I would say the three main categories of solvers based on assumptions of the physics are potential, Euler, and Navier Stokes. Of course there are all sorts of sub categories, for example steady, unsteady, compressible (subsonic, transonic, supersonic, hypersonic), incompressible, laminar, RANS, URANS, LES, DNS, etc.

On the other hand, density based solvers and pressure based solvers says something about how a solution is obtained (along with giving an idea of the type of flow being solved for).

Thanks for the reply. From what little I know about turbulence models, it seems that the so-called Navier-Stokes solvers do not solve the N-S equations. They solve some fobbed-up set of algebraic or differential equations that represent a mean flow of some kind. They also have a lot of empiricism built into them, and none of them are very general. It's always seemed to me that these solvers are more like the empirical equations of hydraulics than they are any kind of fundamental solver. I think the latter class (i.e.-'fundamental' solvers) is at the present moment essentially an empty set, at least for turbulent flows.

Here is my real question: Seems that if one wants to solve for, say, the flow over an airfoil at a high angle of attack, a nonlinear potential flow solver coupled with some kind of a turbulent wake model would be preferable to either a density-based or a pressure-based model, simply because (at least in the outer region) you are solving a single PDE instead of three or four. Is this too naive?

Then the people calling it a navier stokes solver are imprecise. What you are referring to is probably RANS, and yes, thats the full navier stokes equations plus some algebraic or differential modeling terms.

If you mean by fundamental a solver that solves just the navier stokes equations, they are everywhere - i would wager that all meaningful commercial solvers do that, and almost each grad student in cfd probably has written his own ... They are all as general as the navier stokes equations themselves.
I would guess that about 20% of the world's supercomputers do nothing but solving the ns equations at a given time :)

I admit that i am not familiar with the capabilitirs of nonlinear potential theory. What i remember from linear potential is that it cannot produce vorticity nor a boundary layer. A flow over an airfoil at high aoa is highly rotational, plus the bl will play a role as well.... So i guess that would rule out potential theory completely.

I am not aware of people computing turbulence in wakes, jets or around bodies ever doing anything else but Navier Stokes, but i have to admit i m not familiar with the nonlinear potential flow. A quick google search gave me very few pappers on this from the 80s, i guess its not considered anymore.

Thanks for this. It is quite illuminating.

The Navier Stokes solvers do solve the N-S equations. It's the Reynolds Averaged Navier Stokes (RANS) solvers which solve (or try to solve) for the mean flow by inserting eddy viscosity.

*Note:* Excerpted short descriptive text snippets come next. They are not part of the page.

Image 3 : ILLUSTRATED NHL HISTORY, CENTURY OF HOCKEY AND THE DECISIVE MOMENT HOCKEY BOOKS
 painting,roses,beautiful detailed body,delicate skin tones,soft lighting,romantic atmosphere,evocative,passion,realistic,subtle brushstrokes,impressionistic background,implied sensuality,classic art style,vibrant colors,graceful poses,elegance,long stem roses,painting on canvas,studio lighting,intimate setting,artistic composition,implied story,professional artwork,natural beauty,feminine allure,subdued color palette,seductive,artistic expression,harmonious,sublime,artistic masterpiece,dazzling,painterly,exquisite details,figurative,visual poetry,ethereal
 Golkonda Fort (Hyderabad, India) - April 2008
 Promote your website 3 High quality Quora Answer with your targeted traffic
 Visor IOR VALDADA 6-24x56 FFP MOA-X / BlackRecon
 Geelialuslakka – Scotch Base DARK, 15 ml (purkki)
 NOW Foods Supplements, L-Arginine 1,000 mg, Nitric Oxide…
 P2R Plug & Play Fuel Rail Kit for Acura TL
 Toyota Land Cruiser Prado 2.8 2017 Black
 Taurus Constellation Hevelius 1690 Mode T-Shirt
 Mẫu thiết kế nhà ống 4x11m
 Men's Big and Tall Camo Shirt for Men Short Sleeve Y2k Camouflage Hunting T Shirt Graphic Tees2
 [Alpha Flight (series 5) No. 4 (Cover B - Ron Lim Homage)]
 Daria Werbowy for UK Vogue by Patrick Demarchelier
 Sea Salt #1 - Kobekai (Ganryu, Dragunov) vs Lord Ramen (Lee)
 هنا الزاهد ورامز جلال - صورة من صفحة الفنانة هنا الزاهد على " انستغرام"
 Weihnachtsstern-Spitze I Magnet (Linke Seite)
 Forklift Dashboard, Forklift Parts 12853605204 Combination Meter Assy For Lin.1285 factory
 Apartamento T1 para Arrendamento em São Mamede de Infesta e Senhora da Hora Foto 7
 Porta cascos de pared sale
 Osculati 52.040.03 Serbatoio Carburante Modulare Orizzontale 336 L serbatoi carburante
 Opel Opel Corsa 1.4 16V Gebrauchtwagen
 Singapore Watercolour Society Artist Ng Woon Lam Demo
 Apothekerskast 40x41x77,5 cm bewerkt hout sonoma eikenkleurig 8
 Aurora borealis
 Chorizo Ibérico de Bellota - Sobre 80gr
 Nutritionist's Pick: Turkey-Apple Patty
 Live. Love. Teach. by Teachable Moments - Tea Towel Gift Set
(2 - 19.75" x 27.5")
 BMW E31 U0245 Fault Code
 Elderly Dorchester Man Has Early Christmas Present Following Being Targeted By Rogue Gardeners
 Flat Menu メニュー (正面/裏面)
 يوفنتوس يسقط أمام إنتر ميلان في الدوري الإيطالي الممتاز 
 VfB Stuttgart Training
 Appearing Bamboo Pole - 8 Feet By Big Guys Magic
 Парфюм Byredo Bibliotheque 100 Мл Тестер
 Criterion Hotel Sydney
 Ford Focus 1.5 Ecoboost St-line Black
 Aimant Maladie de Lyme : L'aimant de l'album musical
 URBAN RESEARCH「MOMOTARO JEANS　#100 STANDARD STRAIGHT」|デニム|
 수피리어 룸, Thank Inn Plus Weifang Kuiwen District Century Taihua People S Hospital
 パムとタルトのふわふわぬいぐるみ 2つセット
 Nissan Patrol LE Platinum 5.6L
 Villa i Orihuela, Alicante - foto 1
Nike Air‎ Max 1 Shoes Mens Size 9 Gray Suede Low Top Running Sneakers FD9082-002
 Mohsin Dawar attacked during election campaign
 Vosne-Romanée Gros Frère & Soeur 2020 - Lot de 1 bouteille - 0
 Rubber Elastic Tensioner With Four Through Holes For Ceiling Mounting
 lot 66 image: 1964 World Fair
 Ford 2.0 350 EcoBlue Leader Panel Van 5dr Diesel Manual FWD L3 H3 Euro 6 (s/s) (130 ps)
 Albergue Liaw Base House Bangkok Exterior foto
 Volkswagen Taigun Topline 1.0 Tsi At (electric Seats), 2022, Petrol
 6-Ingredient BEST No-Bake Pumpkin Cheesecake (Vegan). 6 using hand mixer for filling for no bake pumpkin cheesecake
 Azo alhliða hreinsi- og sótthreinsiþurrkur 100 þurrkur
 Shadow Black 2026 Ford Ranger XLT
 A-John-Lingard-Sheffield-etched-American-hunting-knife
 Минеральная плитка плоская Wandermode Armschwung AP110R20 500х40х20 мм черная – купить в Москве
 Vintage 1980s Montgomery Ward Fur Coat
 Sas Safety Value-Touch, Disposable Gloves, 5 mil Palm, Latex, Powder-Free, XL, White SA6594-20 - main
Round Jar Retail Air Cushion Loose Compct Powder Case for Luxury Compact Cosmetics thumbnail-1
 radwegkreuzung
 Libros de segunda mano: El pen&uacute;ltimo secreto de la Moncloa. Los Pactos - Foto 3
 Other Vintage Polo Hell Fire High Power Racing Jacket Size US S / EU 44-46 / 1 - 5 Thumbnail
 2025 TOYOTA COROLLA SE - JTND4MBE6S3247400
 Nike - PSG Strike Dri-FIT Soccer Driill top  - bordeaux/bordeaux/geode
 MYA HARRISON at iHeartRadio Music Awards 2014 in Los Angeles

Potential codes have been hooked up to boundary layer codes to calculate the lift and drag on an airfoil. But, in general, that is for flow without separation (and therefore not high angle of attack) and it is not for 3D viscous flow. That's not to say some haven't pushed this class of code somewhat into these regions.

In general, the performance of potential codes should be compared to the performance of 2D incompressible/subsonic (uncoupled pressure based) solvers. Sure they are faster, but, for a 2D geometry, I'm not sure many would really care due to the high performance of computers. Maybe if someone is doing optimization or a trajectory, but even then I doubt it would really matter much anymore.

In general, a coupled Euler density solver (as apposed to uncoupled pressure based) is meant for transonic and above (i.e. greater than supercritical). In this region the accuracy of potential solvers degrades due to the assumptions for potential flow. Therefore, in general, full potential flow and coupled Euler density solvers target two different flow regions.

Of course one could use an Euler density solver to solve for low subsonic speeds (the realm of potential and Euler uncoupled pressure based solvers), but the convergence rate will suffer and at some point one will need to go to Mach number preconditioning.

Also, in general, flux splitting schemes (which have not been adapted to potential as far as I know) capture and track vorticity better.

Oh, just want to be clear.

Full potential was used in the past, and is still used, for optimizing wings at transonic speeds. However, as far as I understand, it is challenging for them, due to the lack of a good boundary layer model and the assumption of isentropic flow, to capture the position of the shock. Therefore, the wave drag is off.